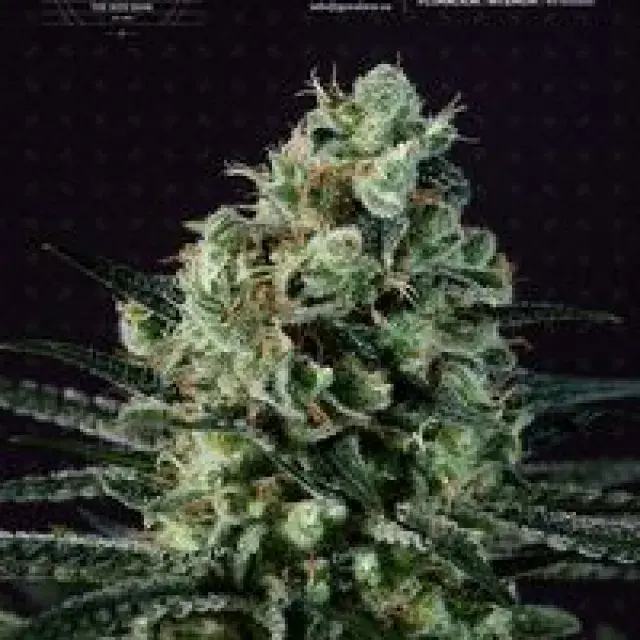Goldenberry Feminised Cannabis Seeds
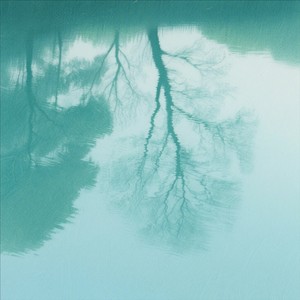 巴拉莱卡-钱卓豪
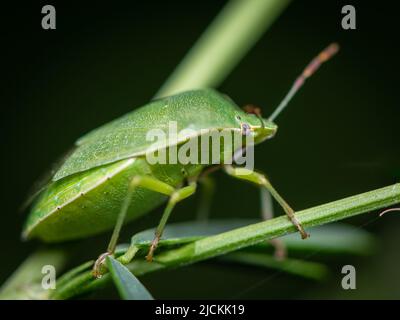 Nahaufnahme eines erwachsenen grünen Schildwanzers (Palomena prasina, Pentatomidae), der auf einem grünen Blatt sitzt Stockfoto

· · ·

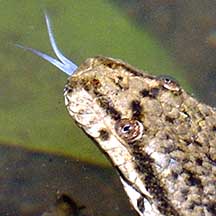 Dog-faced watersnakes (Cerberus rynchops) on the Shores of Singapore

· · ·

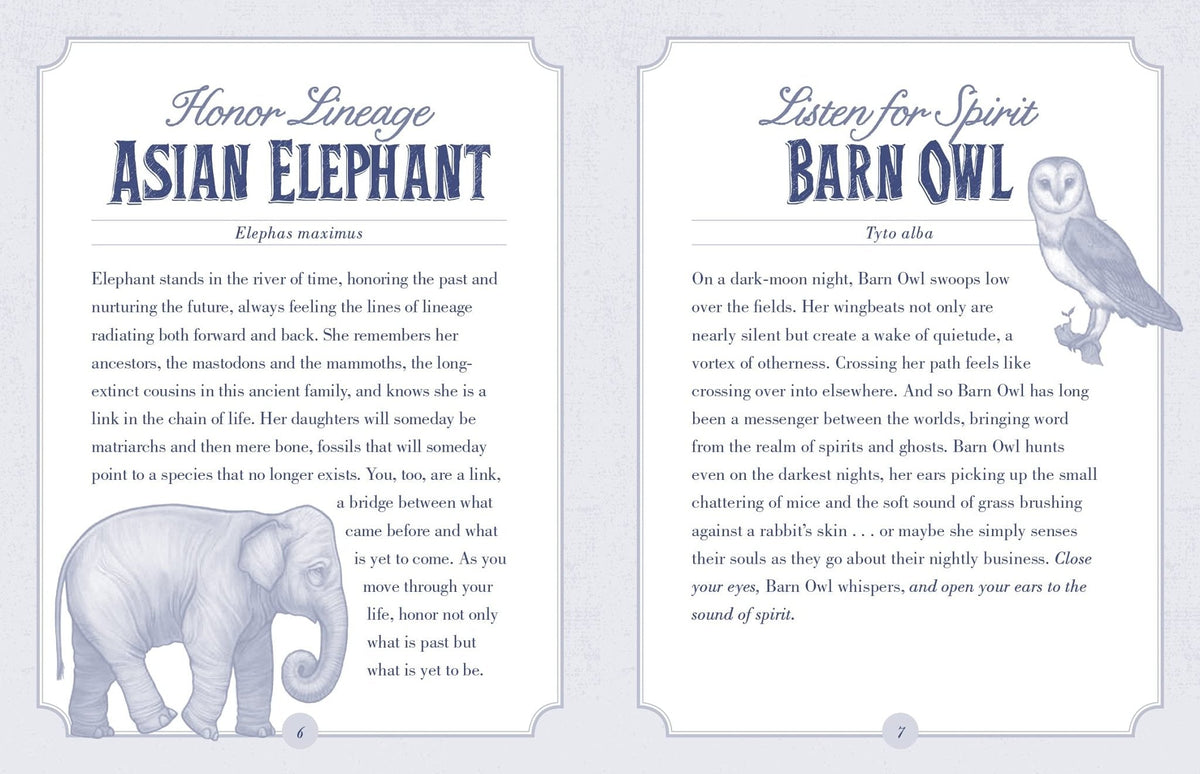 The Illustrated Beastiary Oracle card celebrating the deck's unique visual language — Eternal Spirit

· · ·

• _WHAT YOU NEED TO DO_
Range to copy from the records above: the line containing "Goldenberry Feminised Cannabis Seeds" to the line containing "Nahaufnahme eines erwachsenen", both included. Output those lines exactly and only those, skipping pictures.

• _OUTPUT FOR THIS EXERCISE_
Goldenberry Feminised Cannabis Seeds
 巴拉莱卡-钱卓豪
 Nahaufnahme eines erwachsenen grünen Schildwanzers (Palomena prasina, Pentatomidae), der auf einem grünen Blatt sitzt Stockfoto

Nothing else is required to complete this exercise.